*** Records provided Section Begins ***

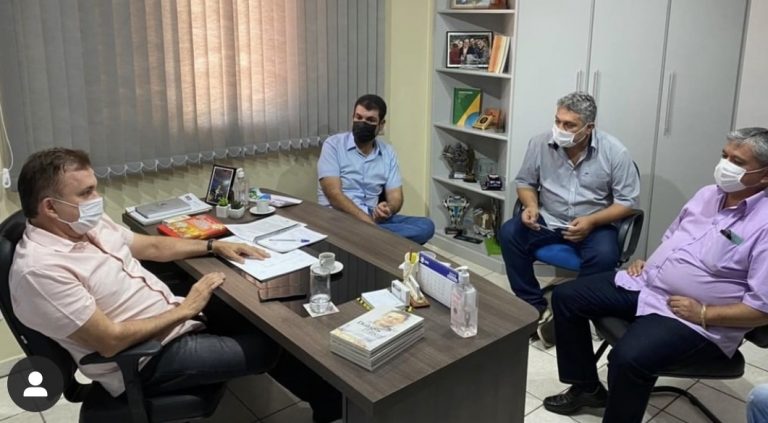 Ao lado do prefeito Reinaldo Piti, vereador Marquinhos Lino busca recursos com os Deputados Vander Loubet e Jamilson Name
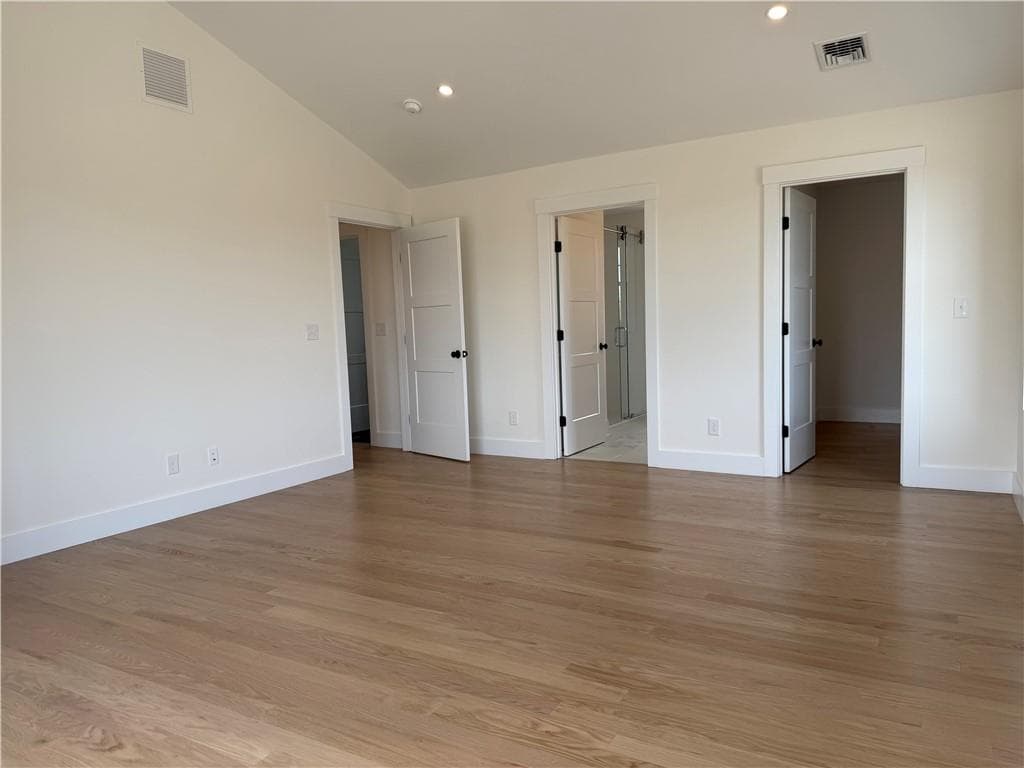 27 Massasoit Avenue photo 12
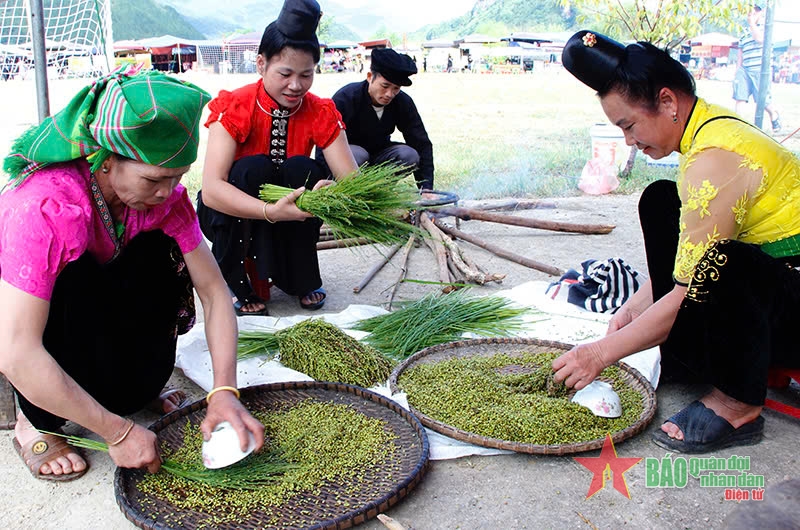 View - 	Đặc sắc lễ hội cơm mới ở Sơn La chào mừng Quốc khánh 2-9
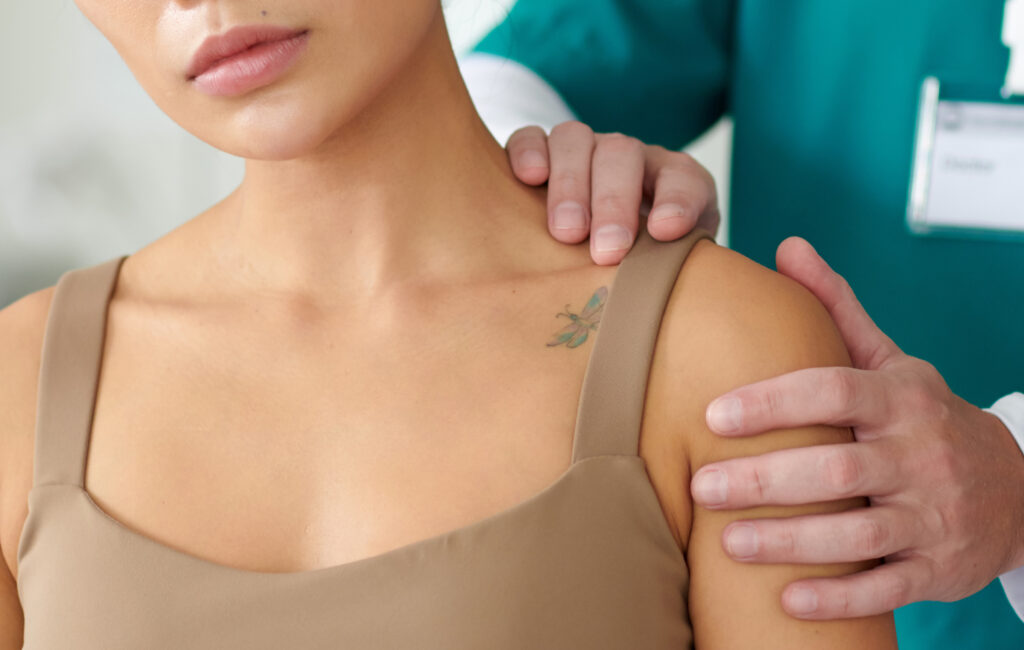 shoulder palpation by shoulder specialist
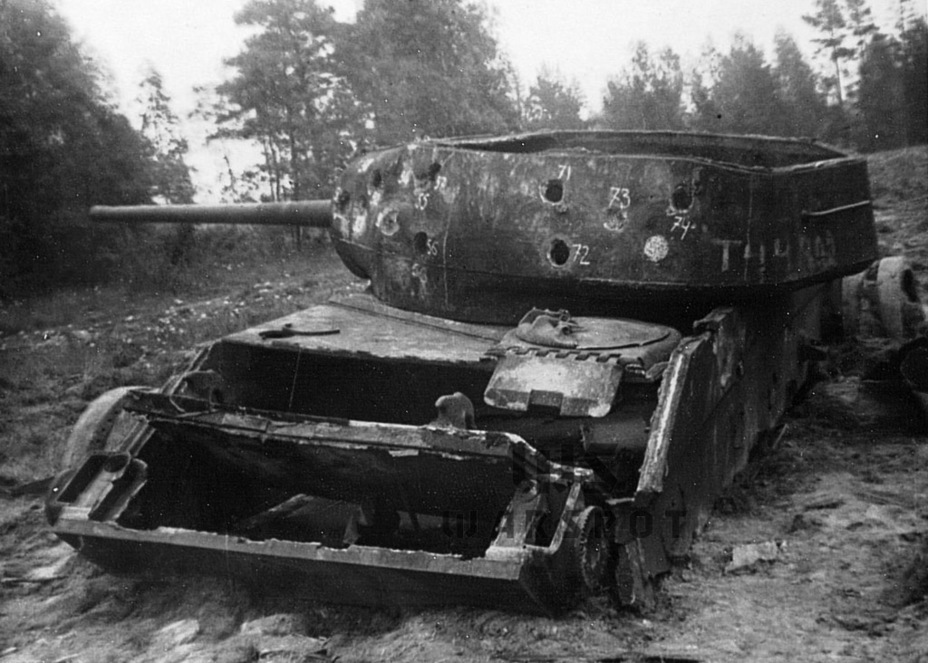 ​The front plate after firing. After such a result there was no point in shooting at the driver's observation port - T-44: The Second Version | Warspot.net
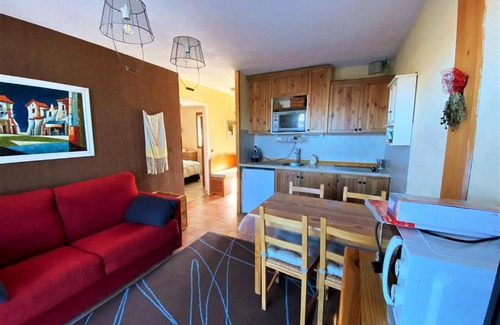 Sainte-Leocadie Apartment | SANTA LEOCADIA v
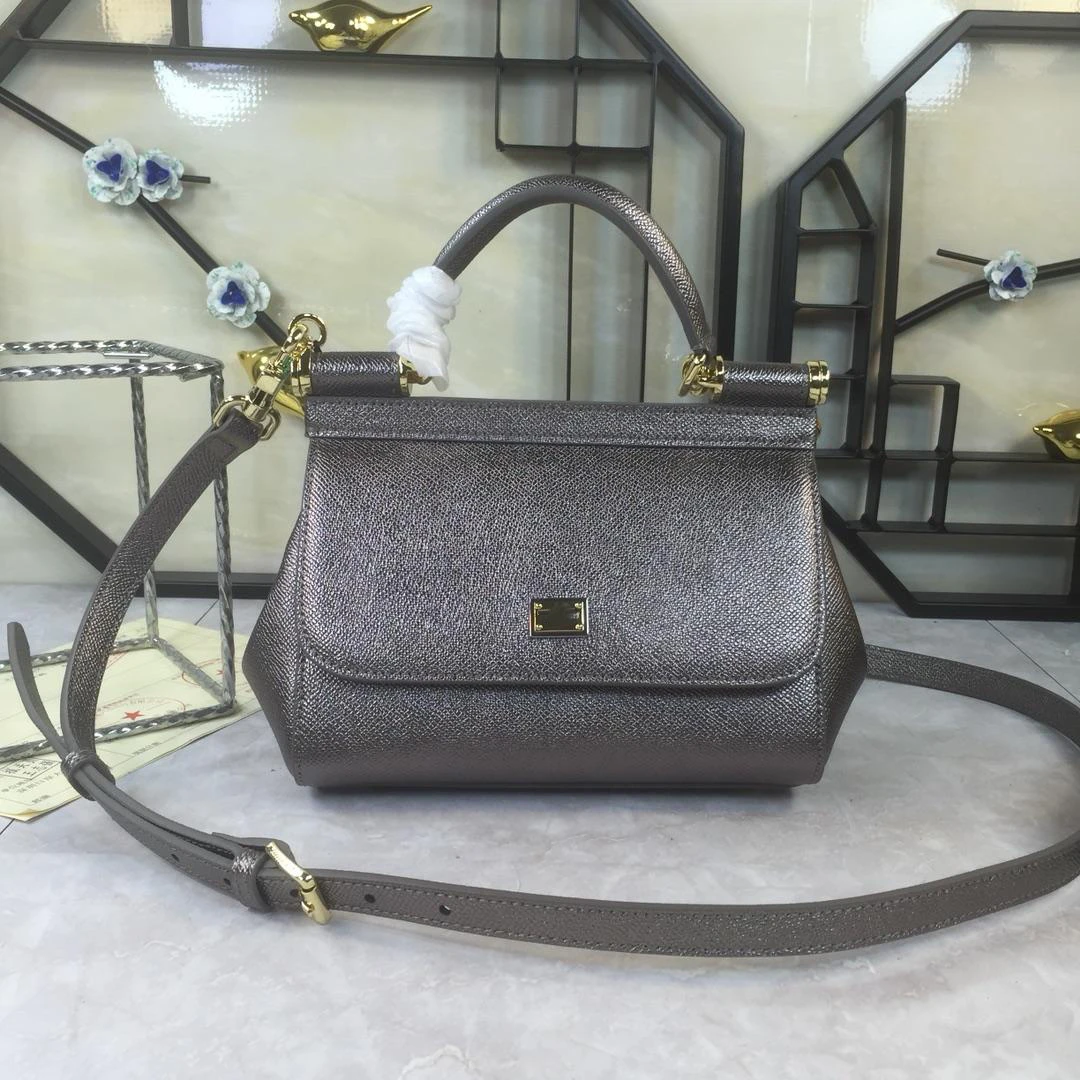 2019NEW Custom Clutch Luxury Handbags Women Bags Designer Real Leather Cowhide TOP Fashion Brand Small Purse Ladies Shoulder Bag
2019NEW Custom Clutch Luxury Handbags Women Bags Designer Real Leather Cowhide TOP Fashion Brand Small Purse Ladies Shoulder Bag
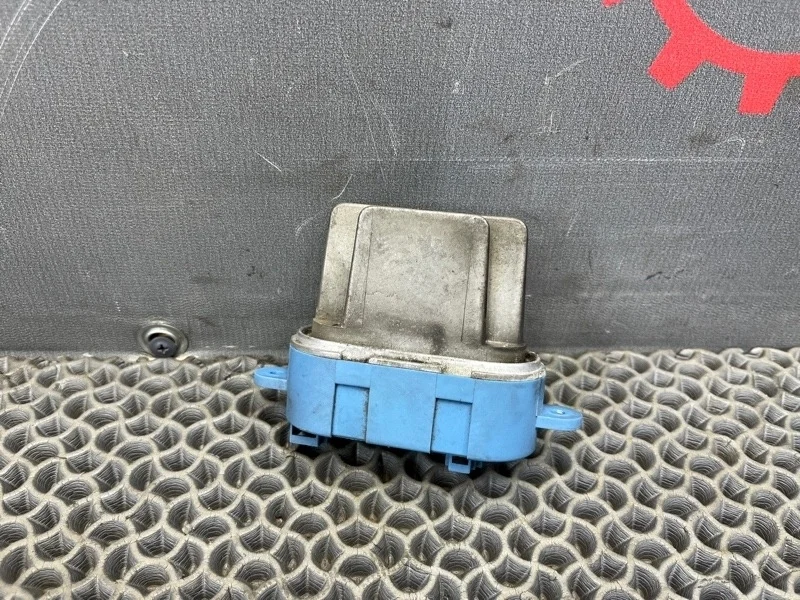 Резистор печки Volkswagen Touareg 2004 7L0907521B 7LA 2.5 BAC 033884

*** Records provided Section Ends ***

## What is required
Repeat the data exactly in full, omitting its pictures.

## Result of the task
 Ao lado do prefeito Reinaldo Piti, vereador Marquinhos Lino busca recursos com os Deputados Vander Loubet e Jamilson Name
 27 Massasoit Avenue photo 12
 View - 	Đặc sắc lễ hội cơm mới ở Sơn La chào mừng Quốc khánh 2-9
 shoulder palpation by shoulder specialist
 ​The front plate after firing. After such a result there was no point in shooting at the driver's observation port - T-44: The Second Version | Warspot.net
 Sainte-Leocadie Apartment | SANTA LEOCADIA v
 2019NEW Custom Clutch Luxury Handbags Women Bags Designer Real Leather Cowhide TOP Fashion Brand Small Purse Ladies Shoulder Bag
2019NEW Custom Clutch Luxury Handbags Women Bags Designer Real Leather Cowhide TOP Fashion Brand Small Purse Ladies Shoulder Bag
 Резистор печки Volkswagen Touareg 2004 7L0907521B 7LA 2.5 BAC 033884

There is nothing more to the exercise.